Women of colour have long been overlooked and disrespected which is why celebrating these powerful women of colour and their achievements are imperative to creating a better society for all, especially young girls of colour who have not always had a role model who looks like them. Young girls need to know that they are just as strong and can achieve just as much if not more than boys. They need to be taught they can become anything they set their minds to. This of course starts with having women who they can look up to and aspire to be like. These strong women have shown the world that women of colour are more powerful than ever before.

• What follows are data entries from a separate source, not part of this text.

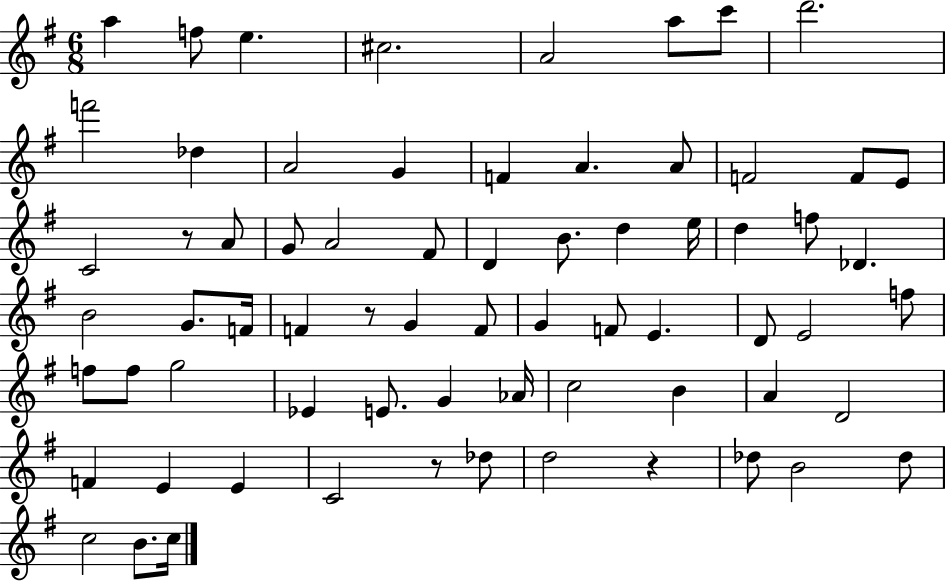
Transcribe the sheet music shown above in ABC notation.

X:1
T:Untitled
M:6/8
L:1/4
K:G
a f/2 e ^c2 A2 a/2 c'/2 d'2 f'2 _d A2 G F A A/2 F2 F/2 E/2 C2 z/2 A/2 G/2 A2 ^F/2 D B/2 d e/4 d f/2 _D B2 G/2 F/4 F z/2 G F/2 G F/2 E D/2 E2 f/2 f/2 f/2 g2 _E E/2 G _A/4 c2 B A D2 F E E C2 z/2 _d/2 d2 z _d/2 B2 _d/2 c2 B/2 c/4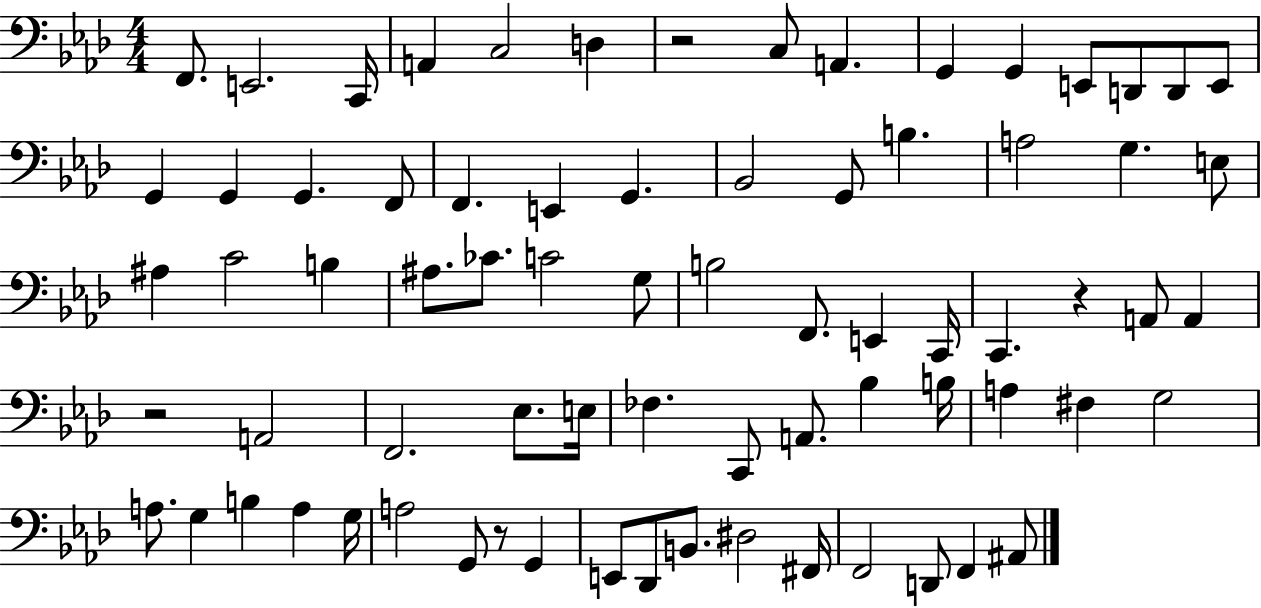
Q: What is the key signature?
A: AES major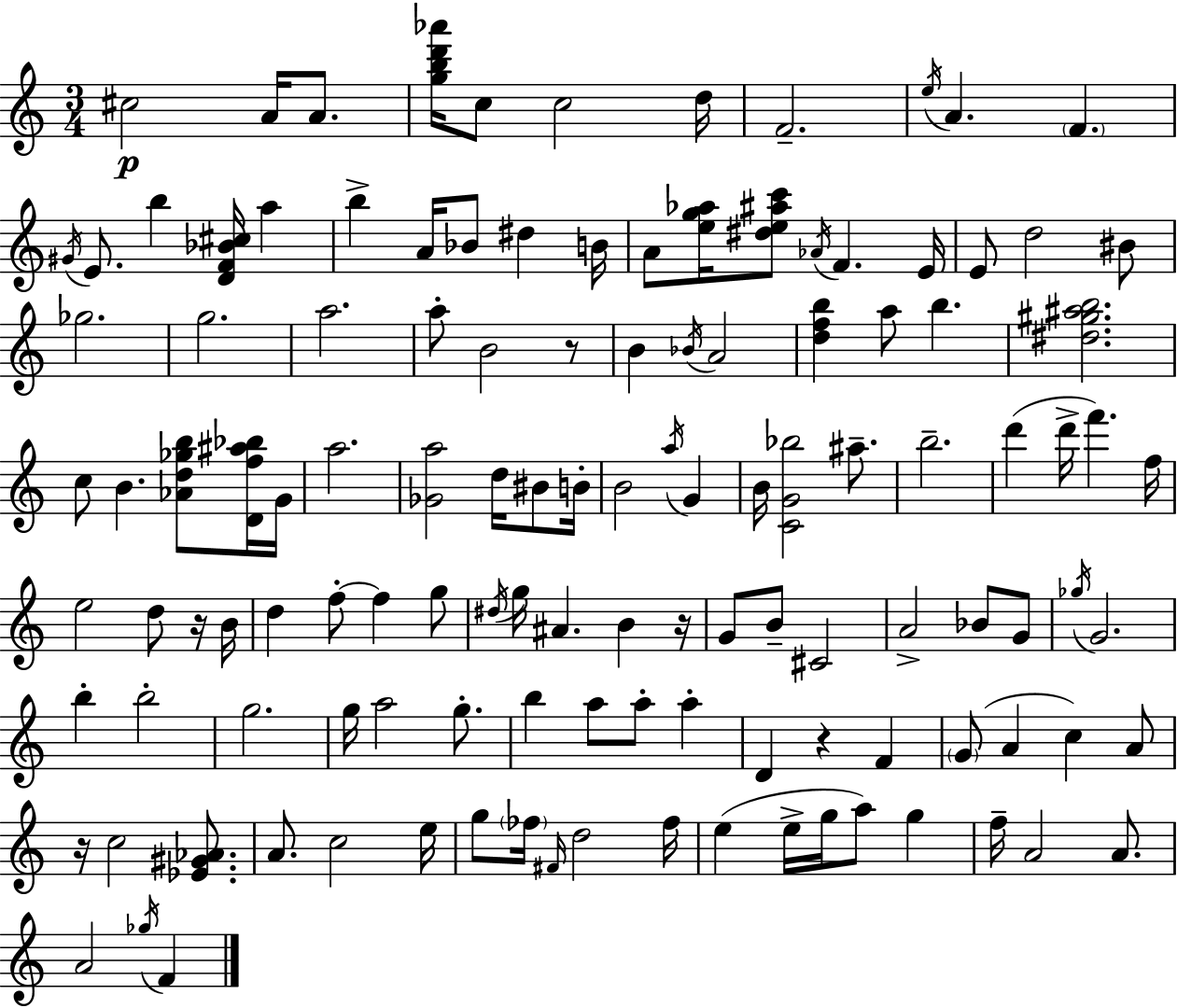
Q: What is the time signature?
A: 3/4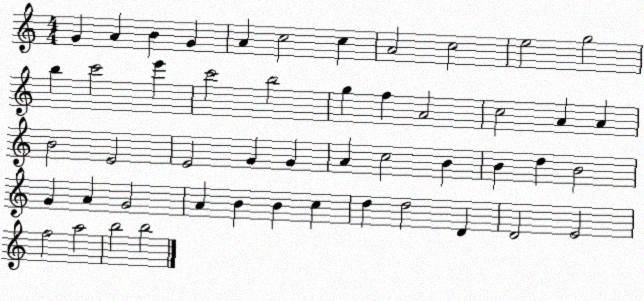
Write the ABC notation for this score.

X:1
T:Untitled
M:4/4
L:1/4
K:C
G A B G A c2 c A2 c2 e2 g2 b c'2 e' c'2 b2 g f A2 c2 A A B2 E2 E2 G G A c2 B B d B2 G A G2 A B B c d d2 D D2 E2 f2 a2 b2 b2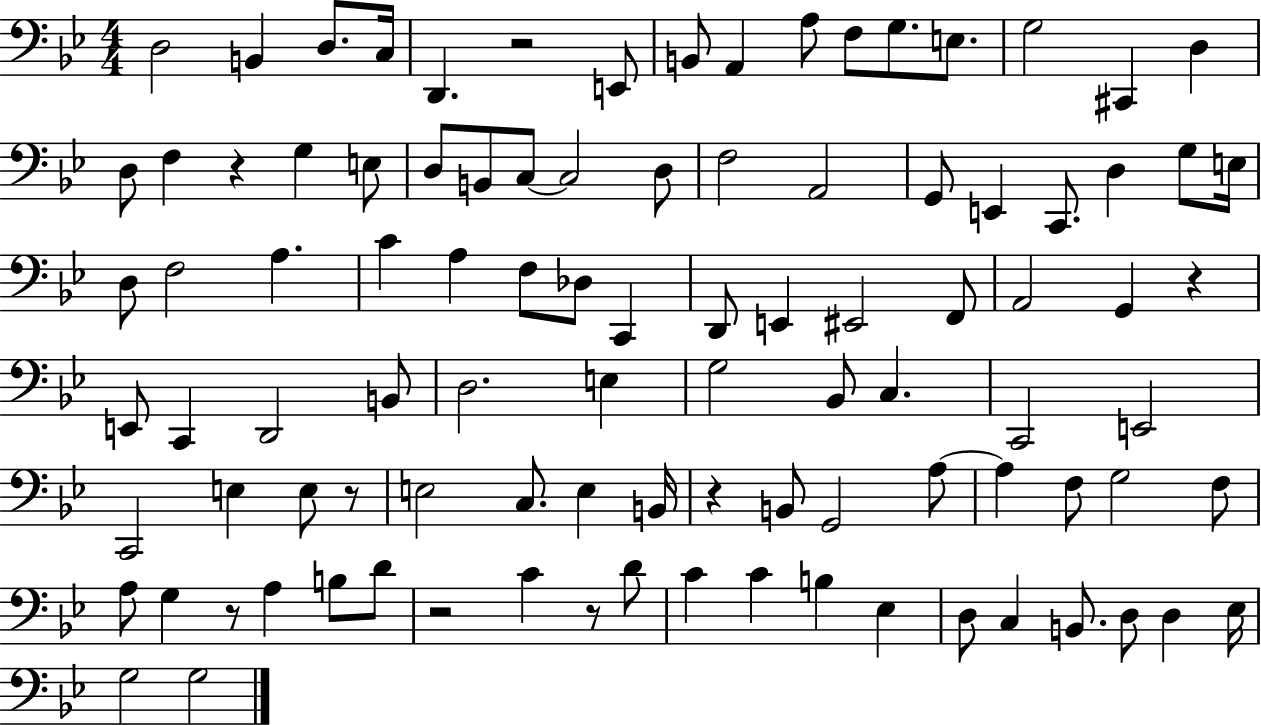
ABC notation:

X:1
T:Untitled
M:4/4
L:1/4
K:Bb
D,2 B,, D,/2 C,/4 D,, z2 E,,/2 B,,/2 A,, A,/2 F,/2 G,/2 E,/2 G,2 ^C,, D, D,/2 F, z G, E,/2 D,/2 B,,/2 C,/2 C,2 D,/2 F,2 A,,2 G,,/2 E,, C,,/2 D, G,/2 E,/4 D,/2 F,2 A, C A, F,/2 _D,/2 C,, D,,/2 E,, ^E,,2 F,,/2 A,,2 G,, z E,,/2 C,, D,,2 B,,/2 D,2 E, G,2 _B,,/2 C, C,,2 E,,2 C,,2 E, E,/2 z/2 E,2 C,/2 E, B,,/4 z B,,/2 G,,2 A,/2 A, F,/2 G,2 F,/2 A,/2 G, z/2 A, B,/2 D/2 z2 C z/2 D/2 C C B, _E, D,/2 C, B,,/2 D,/2 D, _E,/4 G,2 G,2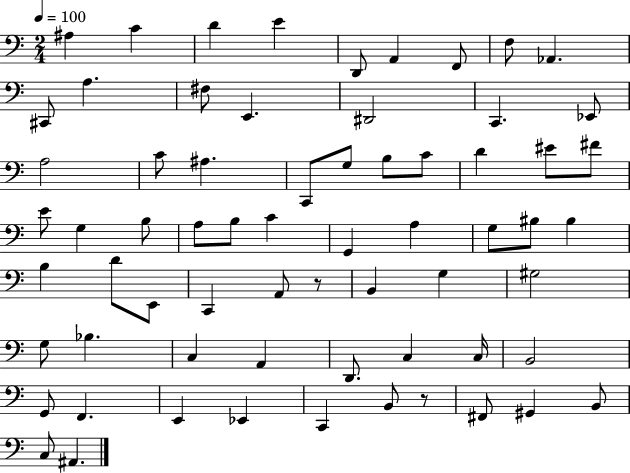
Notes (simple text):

A#3/q C4/q D4/q E4/q D2/e A2/q F2/e F3/e Ab2/q. C#2/e A3/q. F#3/e E2/q. D#2/h C2/q. Eb2/e A3/h C4/e A#3/q. C2/e G3/e B3/e C4/e D4/q EIS4/e F#4/e E4/e G3/q B3/e A3/e B3/e C4/q G2/q A3/q G3/e BIS3/e BIS3/q B3/q D4/e E2/e C2/q A2/e R/e B2/q G3/q G#3/h G3/e Bb3/q. C3/q A2/q D2/e. C3/q C3/s B2/h G2/e F2/q. E2/q Eb2/q C2/q B2/e R/e F#2/e G#2/q B2/e C3/e A#2/q.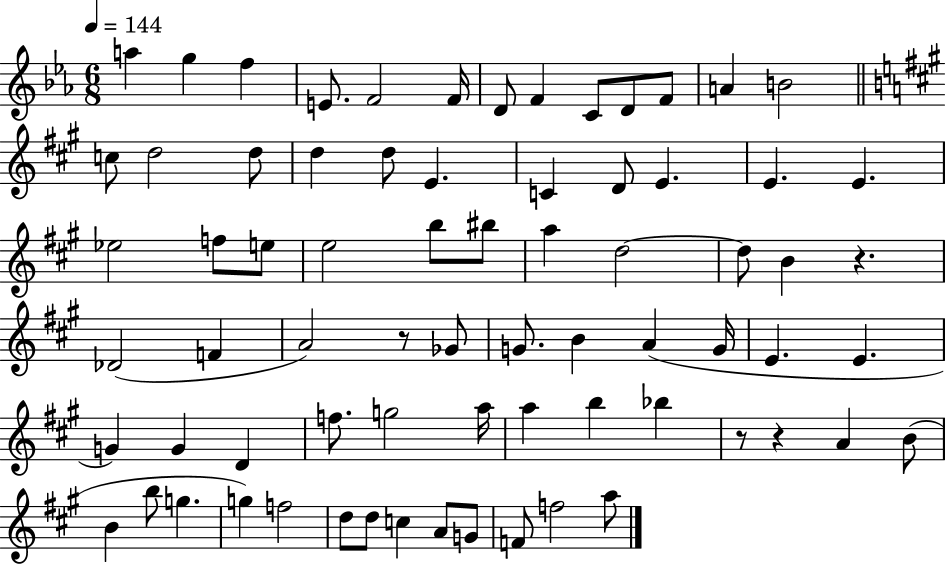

Being the first to achieve anything is an amazing achievement in itself but when you’re the first black woman to achieve something in this day and age it’s a win for an entire generation of young black women. Chef Mariya Russell is the first black woman to have earned a Michelin star in a 93-year history of the Michelin guide to earn a star. Breaking this barrier has opened a door for many other young black girls who never thought it was possible. Russell received the star in September of 2019 at cocktail restaurants Kumiko and Kikkō. In an interview with essence magazine, she explained that the whole experience of getting the Michelin star had been a whirlwind, she was reminded of how many people sacrificed to get her where she is. She said, “I’m on a list of people making Black history because so many people paved the way for me to even go to school, let alone all this. It’s completely humbling for me,”.
Adut Akech Bior
Adut Akech was born in South Sudan and was raised in Kenya till the age of six. Her family then moved to Australia as refugees. Akech was then scouted around the age of 13-14 and signed her first deal at 16 with Saint Laurent for the Spring/Summer 2017 show Her beginnings have kept her humble and despite her success has continued to speak out about refugees and their struggles having of course previously been a refugee. Her strong voice is a pillar of strength for your girls around the world and her work will leave an impact on future generations.
Donna May Kimmaliardjuk
Donna May Kimmaliardjuk is Canadas first Inuk heart surgeon, the young doctor is currently completing her 6th and final year residency training in cardiac surgery at the University of OTTAWA Heart Institute. She is one of only a handful of female cardiac surgeons to do a residency at the University of Ottawa Heart Institute. Despite being one of the only females Dr. Kimmaliardjuk has taken the surgical lead in the operating room, repairing torn coronary tissue, and sewing tiny blood vessels on still-beating hearts. Dr. Kimmaliardjuk expressed that she wishes for young indigenous women to continue getting an education because education is such a powerful tool especially in a world dominated by males.
All these women come from completely different backgrounds yet share one thing they are extremely strong women of colour who are challenging a system designed to bring them down. Their goals are to empower other young girls to do the same and be the women who little girls from all backgrounds can look up to.